Sometimes you need to ensure that the pods of a deployment are not deployed to the same node. To achieve this, you can use the pod anti-affinity and configure it so that pods do not get deployed to pods of the same deployment:

apiVersion: apps/v1
kind: Deployment
metadata:
  labels:
    app: game
  name: game
  namespace: arcade
spec:
  progressDeadlineSeconds: 600
  replicas: 2
  revisionHistoryLimit: 10
  selector:
    matchLabels:
      app: game
  strategy:
    rollingUpdate:
      maxSurge: 25%
      maxUnavailable: 25%
    type: RollingUpdate
  template:
    metadata:
      creationTimestamp: null
      labels:
        app: game
    spec:
      affinity:
        podAntiAffinity:
          requiredDuringSchedulingIgnoredDuringExecution:
          - labelSelector:
              matchExpressions:
              - key: app
                operator: In
                values:
                - game
            topologyKey: kubernetes.io/hostname
      containers:
      - image: quay.io/mdewald/s3e
        name: s3e

This pod anti-affinity definition will not deploy any 2 pods of the deployment onto the same node.

During the roll-out, additional pods are created before old pods are removed.

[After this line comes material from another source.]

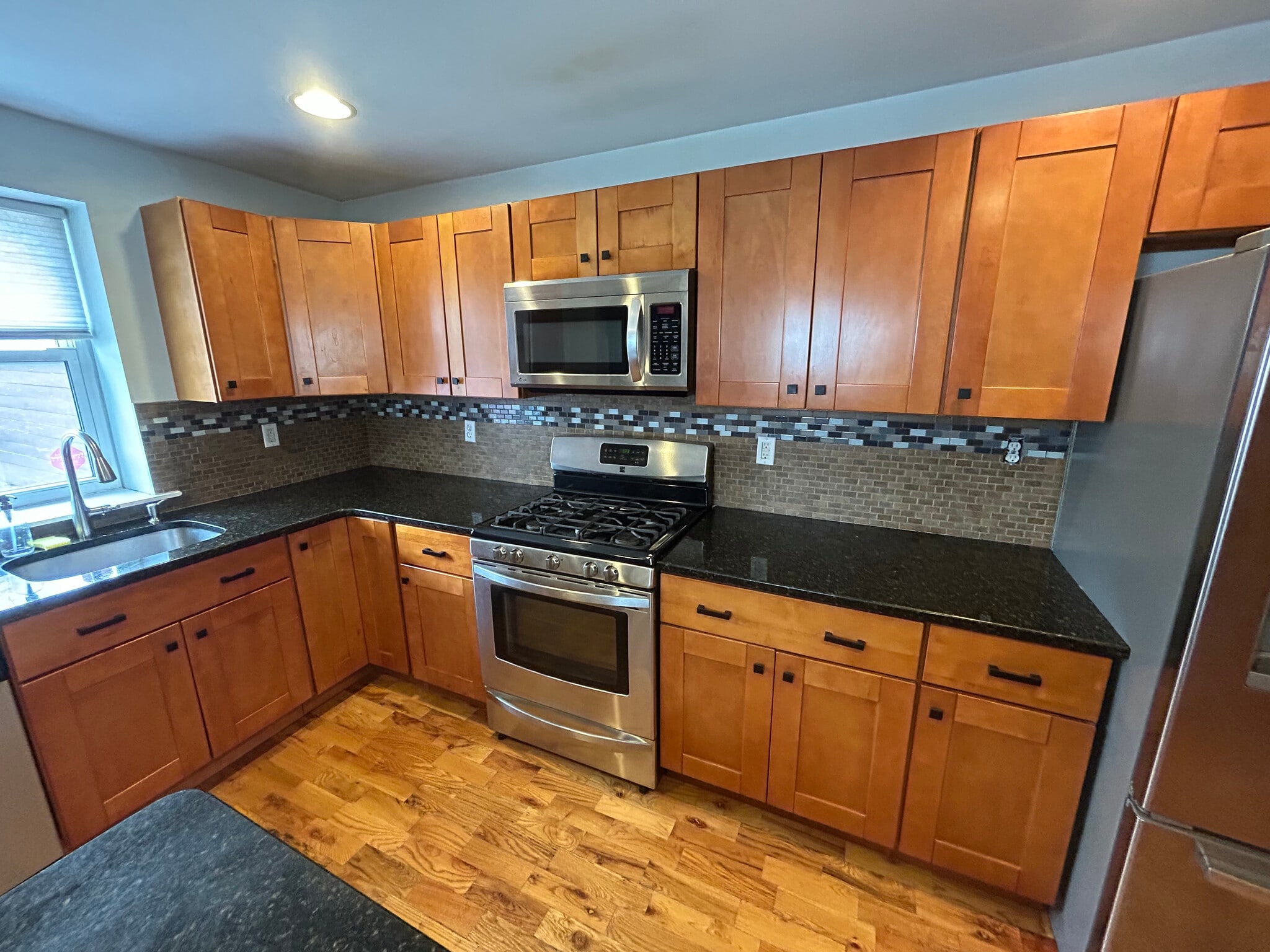 Building Photo - 2027 E Sergeant St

If you have the same number of nodes as replicas, that means the roll-out won’t happen: No node is available to suffice the criteria to deploy an additional pod. So in the best case, you should have more nodes available than the deployment requires replicas.

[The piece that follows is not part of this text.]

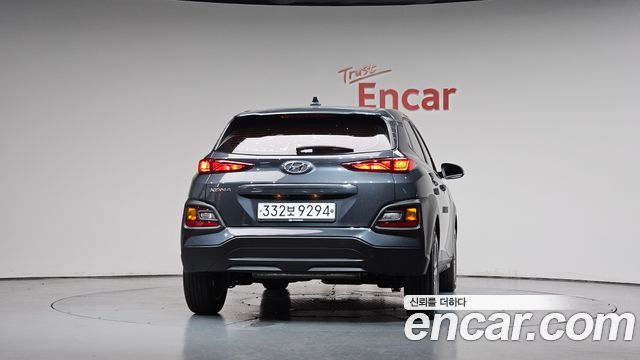 Hyundai Kona из Кореи Encar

You can work around this problem by changing from requiredDuringSchedulingIgnoredDuringExecution to preferredDuringScheduilingIgnoredDuringExecution:

podAntiAffinity:
  preferredDuringSchedulingIgnoredDuringExecution:
  - podAffinityTerm:
      labelSelector:
        matchExpressions:
        - key: app
          operator: In
          values:
          - game
        topologyKey: kubernetes.io/hostname
    weight: 100

However, this would allow some of the pods of the deployment to land on the same node during a roll-out of the deployment. After the roll-out, they will be distributed one pod per node again.

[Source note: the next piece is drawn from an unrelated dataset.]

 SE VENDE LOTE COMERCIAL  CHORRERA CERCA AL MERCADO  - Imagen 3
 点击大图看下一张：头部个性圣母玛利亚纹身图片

If you absolutely don’t want to ever have 2 pods of the same deployment run on the same node but don’t have more nodes than replicas, it can be an option for you to migrate from a Deployment to StatefulSet, which will first terminate each pod before creating a new one:

apiVersion: apps/v1
kind: StatefulSet
metadata:
  labels:
    app: game
  name: game
  namespace: arcade
spec:
  replicas: 2
  selector:
    matchLabels:
      app: game
  serviceName: ""
  template:
    metadata:
      creationTimestamp: null
      labels:
        app: game
    spec:
        podAntiAffinity:
          requiredDuringSchedulingIgnoredDuringExecution:
          - labelSelector:
              matchExpressions:
              - key: app
                operator: In
                values:
                - game
            topologyKey: kubernetes.io/hostname
      containers:
      - image: quay.io/mdewald/s3e
        name: s3e

This will ensure no pod of the StatefulSet is scheduled to the same node. If you have the same number of nodes as replicas in the StatefulSet the rollout will do the following: One by one, the pods will be removed and the replacement will be scheduled to the same node before the next pod is removed.